《C++ primer》(4th)读书笔记(1 start)


0,Preface等相关

 structure of this book:

Much of the power of C++ comes from its support for programming with abstrctions. ... our focus is on how to use the features in C++ to write programs that are safe, that can be built quickly, and yet offer performance comparable to the sorts of low-level programs often written in C.

Modern C++ can be thought of as comprising three parts:

  •      The low-level language, largely inherited from C.
  •      More advanced language features that allow us to define our own data types and to organize large-scale        programs and systems.
  •     The standard library, which uses these advanced features to provides a set of useful data structures and   algorithms.
Parts I and  II (1~2) cover the basic language and library facilities.
Parts III through V (3~5) focus on how we can write our own types.

(由于之前已经不系统的学过了相当多的编程知识,这次系统性的学习应该有一些新的切入角度。考虑能否在底层思想上从Turing Machine的基本计算模型、算法的基本思想来重新的认识C++、乃至这些高级语言的一般特征,以便最终真正的理解OO等关键的思想?对此将进行尝试。)

1,Getting Started

1.1 程序基本结构
   A function definition specifies four elements: the return type, the function name, a (possible empty) parameter list enclosed ion parentheses, and the function body.

(ubuntu下安装g++编译器命令:  sudo apt-get install build-essential )
 
1.2 语句基本样式
     “endlis a special value, called a manipulator , that when written to an output stream has the effect ofwriting a new line to the output and flushing the buffer associated with that device. By flushing the buffer, we ensure that the user will see the output written to the stream”
 
       NOTE:Programmers often insert print statements during debugging. Such statements should always flush the stream. 

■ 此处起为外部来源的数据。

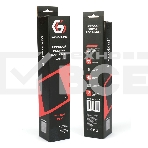Коврик для мыши Gembird MP-35-30-BLACK, черный, 350х300х3мм, ткань+резина, оверлок, коробка, фото5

      养成在定义变量时,对其进行初始化的习惯“When we define a variable, we should give it an initial value unless we are certain that the initial value will be overwritten before the variable is used for any other purpose. If we cannot guarantee that the variable will be reset before being read, we should initialize it”
1.3 注释相关
      大段的注释最好明确的在每一行注释前加上标记确认其属于注释!“When a comment pair does span multiple lines, it is often a good idea to indicate visually that the inner lines are part of a multi-line comment.”   
1.4 基本控制结构介绍
介绍了while、for、if三种基本的流程控制结构。此外:
    介绍了如何 Reading an Unknown Number of Inputs:
   “When we use an istream as a condition, the effect is to test the state of the stream. If the stream is valid that is, if it is still possible to read another input then the test succeeds. An istream becomes invalid when we hit end-of-file or encounter an invalid input, such as reading a value that is not an integer. An istream that is in an invalid state will cause the condition to
fail.”
“Operating systems use different values for end-of-file. On Windows systems we enter an end-of-file by typing a control-zsimultaneously type the "ctrl" key and a "z." On UNIX systems, including Mac OS-X machines, it is usually control-d.

 #include <iostream>
 int main()
 {
     int sum = 0, value;
     // read till end-of-file, calculating a running total of all values read
     while (std::cin >> value)
         sum += value; // equivalent to sum = sum + value
     std::cout << "Sum is: " << sum << std::endl;
     return 0;
  }
1.5  class类简介

class是C++的重要特点,它的目的就是更加方便程序员创建自己的数据 type从而更好地表达自己想要的的数据结构。这本书里在这第一部分就引入了class的内容,一方面是先给一个overview of whole C++,另一方面是体现了class是一种很好的封装性的元素,我们完全可以在不知道它的实现细节的基础上高效的使用它让它为我们所用!(To use a class, we need not know anything about how it is implemented. Instead, what we need to know is what operations the class provides.)
To use a class we need to know three things:
1.What is its name? 
2.Where is it defined? 
3.What operations does it support? 

   class的定义文件中不仅定义了它的包含元素,而且定义了所有可以使用的behavior。
  NOTE:Headers for the standard library are enclosed in angle brackets (<  >). Nonstandard headers are enclosed in double quotes ("  " ).